Introduction According to the American Heart Association,1 the number of stroke survivors in the United States is nearly 6.5 million people with approximately 795,000 strokes occurring annually. This is equivalent to 1 stroke occurrence every 40 seconds.1 Ambulation after stroke is a primary functional limitation and in many cases, gait abnormalities contribute to falls.2,3 Some of the abnormalities contributing to hemiparetic gait include reduced gait speed and step length asymmetry.3-5 Asymmetrical step length is a very common occurrence poststroke, resulting from one side of the body being affected more than the other.2,6,7 A typical gait pattern after stroke includes a slower circumductive step with the hemiparetic limb followed by a shorter quick step with the sound limb.2 Circumduction results from difficulty clearing the functionally longer limb during swing limb advancement. The hemiparetic limb is considered ‘functionally longer’ because the patient often lacks adequate hip flexion, knee flexion, and ankle dorsiflexion during swing limb advancement.2 Stroke
patients also take slower, longer steps with the hemiparetic limb because they are more comfortable in single limb stance on the unaffected limb.2 On the contrary, they often take quick, short steps with the unaffected limb in order to spend less time in single limb stance on the hemiparetic side.2 In addition to the asymmetrical step length, gait velocity is reduced and increased risk for falls has been attributed to reduced gait speeds.3 Falls are caused by a complex interaction between intrinsic and extrinsic factors.8 Extrinsic factors include floor surfaces, lighting, obstacles in the path of walking, etc.9 Intrinsic factors for falls include abnormal gait, which is reported to be the second most common problem for falls in older persons.10,11 It is estimated that between 14% and 65% of stroke survivors experience falls while in the hospital and up to 73% of stroke survivors experience a fall in the first 6 months after discharge.12 Several successful post-stroke gait interventions have been reported in the literature including elliptical training,13 body-weight supported treadmill training,14 locomotor imagery training,15 auditory cueing,16,17 and robotic assisted gait.18 The Tib Trainer® (TT) (Bright Ideas 4 Therapy, LLC, Oxnard, CA, USA) is a new clinical training tool intended to improve gait in patients with neurologic pathologies such as stroke (Figure 1).

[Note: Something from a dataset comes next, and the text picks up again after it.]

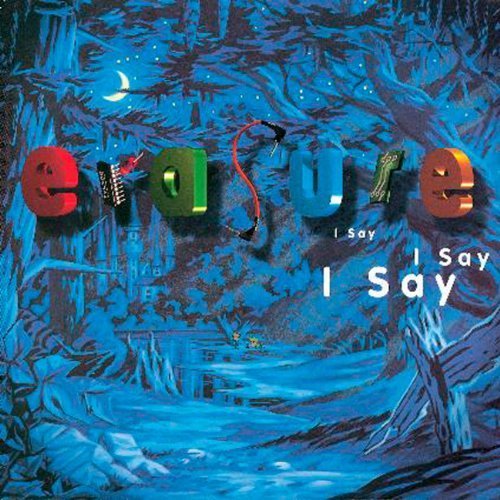 I Say I Say I Say by ERASURE (1994-05-03)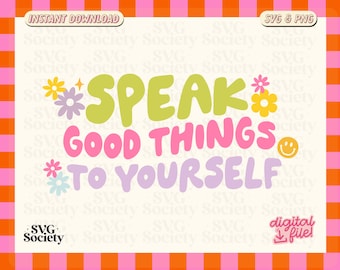 Speak Good Things To Yourself SVG PNG: Positive Self Talk (Digital Download)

It provides resistance from the ground up through a hook fastener strap system and provides auditory cues with each step as it is pulled off the carpet.19 Anecdotal clinical sessions using the TT on stroke patients suggest that improvements in temporal and spatial aspects of gait occur. This case report describes the immediate effects of the TT on gait parameters in a chronic stroke patient who was currently receiving outpatient physical therapy.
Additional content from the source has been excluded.